Designated by the US Treasury Department as a terrorist organisation, Hezbollah’s construction firm Jihad al Binaa – meaning ‘The Struggle to Build’ – claims it has been hampered in efforts to begin rebuilding Dahiyeh, Beirut’s worst-hit southern suburb, because of a lack of cooperation from the government.
Photo: Christian Henderson/IRIN
|Members of Jihad al-Bina look at a map of destroyed properties in Beirut's southern suburbs|
Last November, all five Shia ministers resigned from the cabinet, and since December Hezbollah has been leading a rolling demonstration in central Beirut demanding more power for itself and its allies in government.
With some 300 buildings completely destroyed in the southern suburbs alone, Hezbollah has created a new foundation to oversee reconstruction of the area, to be known as ‘Al Wa’ad’ - ‘The Promise’.
But not a single building permit for the southern suburbs has been issued by the government in the past seven months, according to a report in Lebanon’s The Daily Star, leaving a legal vacuum in which many Dahiyeh residents have signed over power of attorney for their properties to Al Wa’ad.
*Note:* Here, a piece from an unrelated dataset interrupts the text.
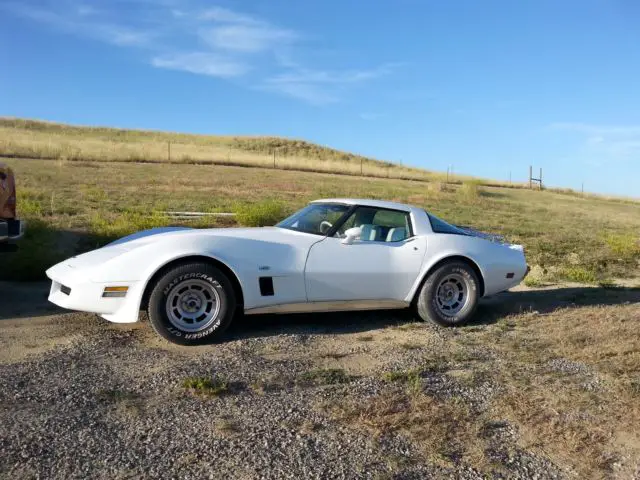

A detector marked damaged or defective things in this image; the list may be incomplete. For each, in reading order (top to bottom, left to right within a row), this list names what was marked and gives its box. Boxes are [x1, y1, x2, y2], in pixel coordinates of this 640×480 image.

rusty vehicle [0, 163, 24, 249]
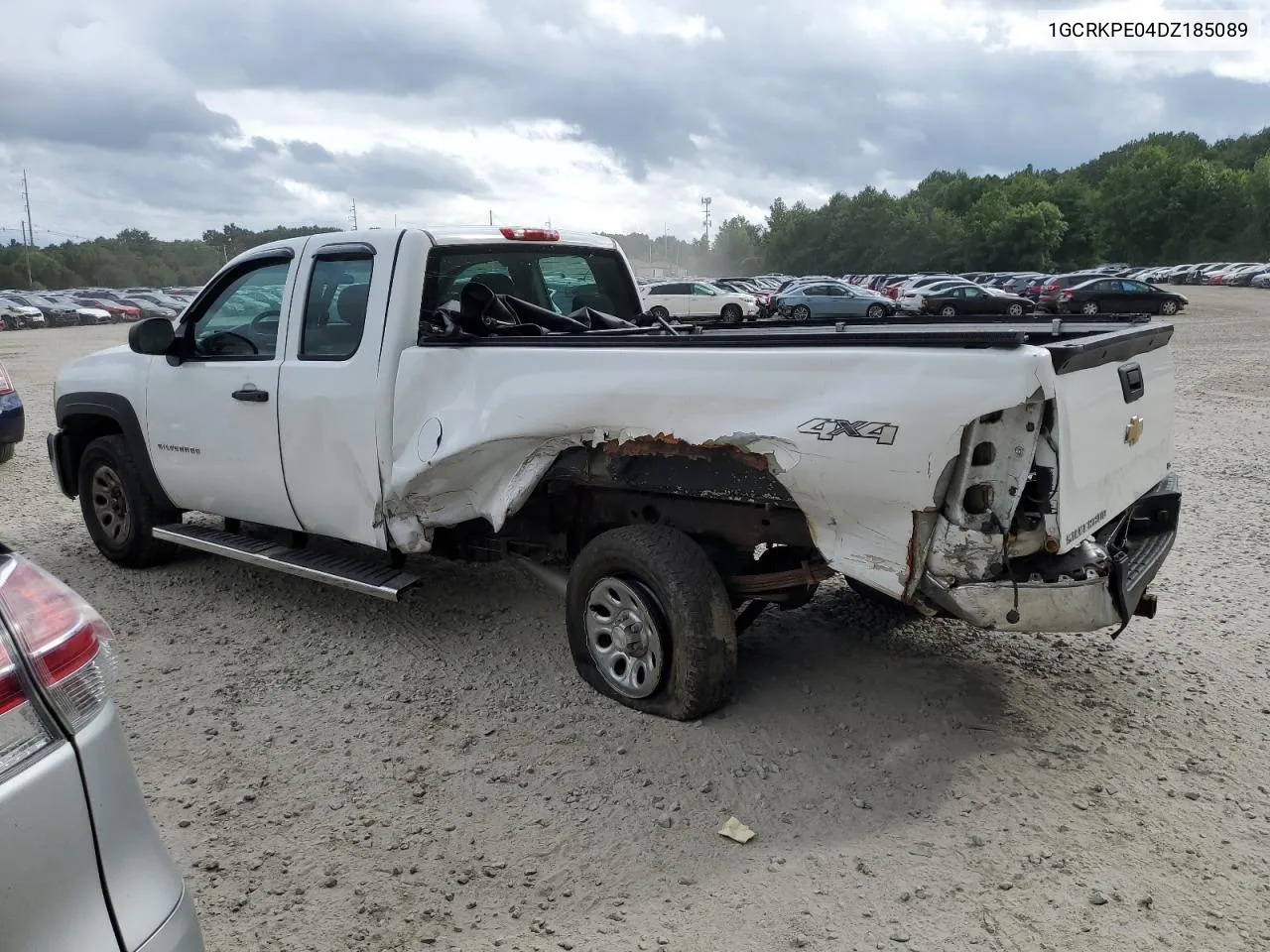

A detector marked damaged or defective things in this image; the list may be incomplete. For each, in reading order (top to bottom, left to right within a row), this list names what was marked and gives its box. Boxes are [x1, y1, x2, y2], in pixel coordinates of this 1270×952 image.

rust damage [599, 432, 770, 470]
“The government is giving some money but they will not oversee the reconstruction,” Bilal Naim, a member of the Executive Council of Hezbollah, told IRIN. “If the money is not enough, Hezbollah will make up the difference from its own funds. No-one is happy with the government, which has not been able to take responsibility in this big crisis.”
The government has refused to pay money for reconstruction directly to Hezbollah, instead handing out compensation to individual families of about US $50,000 for each damaged apartment.
Al Wa’ad is to begin repairing buildings from next month, according to Naim, while contracting out rebuilding work.